Yokohama F.C. (横浜FC, Yokohama Efushī?) is a Japanese football club based in the city of Yokohama. The club was formed by fans of Yokohama Flügels as a protest against Flügels' merger with Yokohama Marinos in 1999, becoming the first supporter-owned professional sports team in Japan.

Since gaining J.League membership in 2001, Yokohama F.C. has spent all but one season in the second tier of the Japanese football league system; the club gained promotion to J.League Division 1 as champions of J.League Division 2 in 2006, but were immediately relegated the following season.

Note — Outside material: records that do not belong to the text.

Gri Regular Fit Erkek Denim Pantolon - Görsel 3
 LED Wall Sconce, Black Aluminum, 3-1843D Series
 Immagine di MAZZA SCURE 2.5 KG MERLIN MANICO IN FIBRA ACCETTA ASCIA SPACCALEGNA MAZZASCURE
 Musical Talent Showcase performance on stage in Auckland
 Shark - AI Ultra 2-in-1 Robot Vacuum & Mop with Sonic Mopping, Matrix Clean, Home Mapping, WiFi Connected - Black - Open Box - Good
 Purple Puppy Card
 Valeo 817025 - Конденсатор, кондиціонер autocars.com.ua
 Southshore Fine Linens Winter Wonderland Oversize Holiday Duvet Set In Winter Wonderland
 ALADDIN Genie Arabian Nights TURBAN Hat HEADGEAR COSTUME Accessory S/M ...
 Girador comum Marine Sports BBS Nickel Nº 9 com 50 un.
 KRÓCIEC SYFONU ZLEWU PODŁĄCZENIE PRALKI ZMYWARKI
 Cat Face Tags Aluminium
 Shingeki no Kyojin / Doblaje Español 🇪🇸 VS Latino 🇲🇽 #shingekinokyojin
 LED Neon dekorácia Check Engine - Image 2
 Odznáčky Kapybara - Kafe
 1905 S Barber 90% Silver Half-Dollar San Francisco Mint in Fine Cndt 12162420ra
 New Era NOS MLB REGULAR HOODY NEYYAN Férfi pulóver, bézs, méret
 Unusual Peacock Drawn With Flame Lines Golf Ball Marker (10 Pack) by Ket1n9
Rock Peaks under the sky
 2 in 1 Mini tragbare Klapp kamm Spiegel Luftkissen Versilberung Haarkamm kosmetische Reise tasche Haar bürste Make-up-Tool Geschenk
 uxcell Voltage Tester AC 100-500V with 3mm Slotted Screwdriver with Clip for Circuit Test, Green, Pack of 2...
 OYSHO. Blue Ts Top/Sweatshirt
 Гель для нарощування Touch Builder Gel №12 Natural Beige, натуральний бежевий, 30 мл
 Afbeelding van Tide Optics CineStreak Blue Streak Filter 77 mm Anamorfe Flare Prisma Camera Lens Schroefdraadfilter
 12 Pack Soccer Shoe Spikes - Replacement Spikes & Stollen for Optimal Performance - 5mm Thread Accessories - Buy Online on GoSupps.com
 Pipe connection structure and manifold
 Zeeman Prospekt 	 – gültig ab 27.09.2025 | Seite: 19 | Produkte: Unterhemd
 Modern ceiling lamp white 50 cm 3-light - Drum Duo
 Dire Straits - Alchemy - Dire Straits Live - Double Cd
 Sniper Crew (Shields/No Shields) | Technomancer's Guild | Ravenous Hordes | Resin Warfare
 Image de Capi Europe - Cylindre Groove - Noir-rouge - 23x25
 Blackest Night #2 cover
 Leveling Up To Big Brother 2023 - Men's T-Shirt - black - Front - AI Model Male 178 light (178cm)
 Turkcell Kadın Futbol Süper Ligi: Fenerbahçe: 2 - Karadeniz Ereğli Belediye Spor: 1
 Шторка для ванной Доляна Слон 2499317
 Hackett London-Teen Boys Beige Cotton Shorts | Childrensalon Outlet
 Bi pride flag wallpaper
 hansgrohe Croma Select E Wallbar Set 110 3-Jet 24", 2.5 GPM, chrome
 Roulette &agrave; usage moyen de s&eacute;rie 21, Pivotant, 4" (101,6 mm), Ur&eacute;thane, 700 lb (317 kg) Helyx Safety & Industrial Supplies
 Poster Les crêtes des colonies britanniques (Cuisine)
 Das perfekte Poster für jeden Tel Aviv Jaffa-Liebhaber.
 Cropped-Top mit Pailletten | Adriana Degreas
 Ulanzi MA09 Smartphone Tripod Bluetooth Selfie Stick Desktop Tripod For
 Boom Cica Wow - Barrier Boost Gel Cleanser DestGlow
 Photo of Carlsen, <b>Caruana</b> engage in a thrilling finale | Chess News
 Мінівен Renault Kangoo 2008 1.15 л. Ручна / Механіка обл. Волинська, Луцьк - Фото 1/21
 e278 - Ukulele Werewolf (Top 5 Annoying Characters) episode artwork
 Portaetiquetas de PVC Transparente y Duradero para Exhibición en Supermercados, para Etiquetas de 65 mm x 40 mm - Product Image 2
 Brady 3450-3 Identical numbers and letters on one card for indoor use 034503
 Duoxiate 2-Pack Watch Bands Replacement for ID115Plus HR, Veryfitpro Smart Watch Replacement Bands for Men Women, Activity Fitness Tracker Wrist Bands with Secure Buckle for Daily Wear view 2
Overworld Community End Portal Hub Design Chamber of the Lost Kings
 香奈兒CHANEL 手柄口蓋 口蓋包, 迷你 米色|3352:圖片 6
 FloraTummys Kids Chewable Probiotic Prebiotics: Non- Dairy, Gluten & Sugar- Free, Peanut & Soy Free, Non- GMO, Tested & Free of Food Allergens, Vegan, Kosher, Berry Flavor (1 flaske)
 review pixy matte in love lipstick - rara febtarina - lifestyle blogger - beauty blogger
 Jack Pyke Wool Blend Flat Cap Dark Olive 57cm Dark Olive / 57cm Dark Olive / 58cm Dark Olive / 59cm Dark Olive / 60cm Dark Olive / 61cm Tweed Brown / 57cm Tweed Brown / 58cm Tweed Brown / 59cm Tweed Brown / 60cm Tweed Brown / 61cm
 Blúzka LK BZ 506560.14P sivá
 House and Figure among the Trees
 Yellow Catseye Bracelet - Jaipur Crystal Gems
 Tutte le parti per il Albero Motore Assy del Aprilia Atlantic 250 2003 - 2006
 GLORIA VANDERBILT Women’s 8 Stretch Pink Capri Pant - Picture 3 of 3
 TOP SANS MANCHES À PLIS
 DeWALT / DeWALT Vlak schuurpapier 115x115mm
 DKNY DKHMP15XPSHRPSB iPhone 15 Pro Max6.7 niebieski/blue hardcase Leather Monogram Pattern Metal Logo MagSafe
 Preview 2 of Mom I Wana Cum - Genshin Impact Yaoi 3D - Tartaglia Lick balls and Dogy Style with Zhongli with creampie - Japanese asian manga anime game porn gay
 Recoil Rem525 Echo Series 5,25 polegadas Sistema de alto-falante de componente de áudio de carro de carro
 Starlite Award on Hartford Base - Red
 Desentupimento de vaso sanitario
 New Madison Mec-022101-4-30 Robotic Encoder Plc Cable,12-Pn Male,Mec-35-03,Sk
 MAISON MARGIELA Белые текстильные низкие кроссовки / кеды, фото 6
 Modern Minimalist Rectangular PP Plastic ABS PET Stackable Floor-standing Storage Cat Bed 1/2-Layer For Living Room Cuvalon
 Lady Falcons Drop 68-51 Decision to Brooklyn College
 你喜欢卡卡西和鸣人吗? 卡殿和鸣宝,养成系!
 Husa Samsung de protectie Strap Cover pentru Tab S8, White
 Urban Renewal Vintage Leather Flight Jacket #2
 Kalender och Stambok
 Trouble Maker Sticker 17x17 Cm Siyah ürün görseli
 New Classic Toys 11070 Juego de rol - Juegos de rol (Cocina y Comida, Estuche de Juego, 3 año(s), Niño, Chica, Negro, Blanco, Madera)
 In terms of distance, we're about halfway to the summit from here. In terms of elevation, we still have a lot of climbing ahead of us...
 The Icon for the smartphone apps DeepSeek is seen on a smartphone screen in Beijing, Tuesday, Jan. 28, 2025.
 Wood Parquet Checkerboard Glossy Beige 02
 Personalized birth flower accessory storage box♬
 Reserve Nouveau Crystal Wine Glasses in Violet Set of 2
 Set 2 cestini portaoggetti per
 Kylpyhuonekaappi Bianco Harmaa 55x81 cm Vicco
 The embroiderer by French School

Yokohama F.C. was formed in 1999 following the merger of Yokohama's two J.League clubs, the Flügels and the Marinos. Flügels supporters felt that their club had essentially been dissolved rather than merged with, so rejected the suggestion that they should start supporting Marinos - who had been their crosstown rivals. Instead, with money raised through donations from the general public and an affiliation with talent management company IMG, the former Flügels supporters founded the Yokohama Fulie Sports Club. Following the socio model used by FC Barcelona, the Fulie Sports Club created Yokohama F.C., the first professional sports team in Japan owned and operated by its supporters.

For its first season in 1999, Yokohama F.C. hired former German national team and World Cup star Pierre Littbarski to be the manager and Yasuhiko Okudera, the first Japanese footballer to play professionally in Europe, to be the chairman. The club attempted to gain entry directly into the professional J.League, but the Japan Football Association only permitted entry to the amateur Japan Football League (JFL), at the time the third level of the Japanese football league system, and ruled that the club would not be eligible for promotion into J.League Division 2 at the end of its first season. So, despite finishing as JFL champion in 1999, Yokohama F.C. finished as JFL champion again in 2000 before being promoted to J.League Division 2.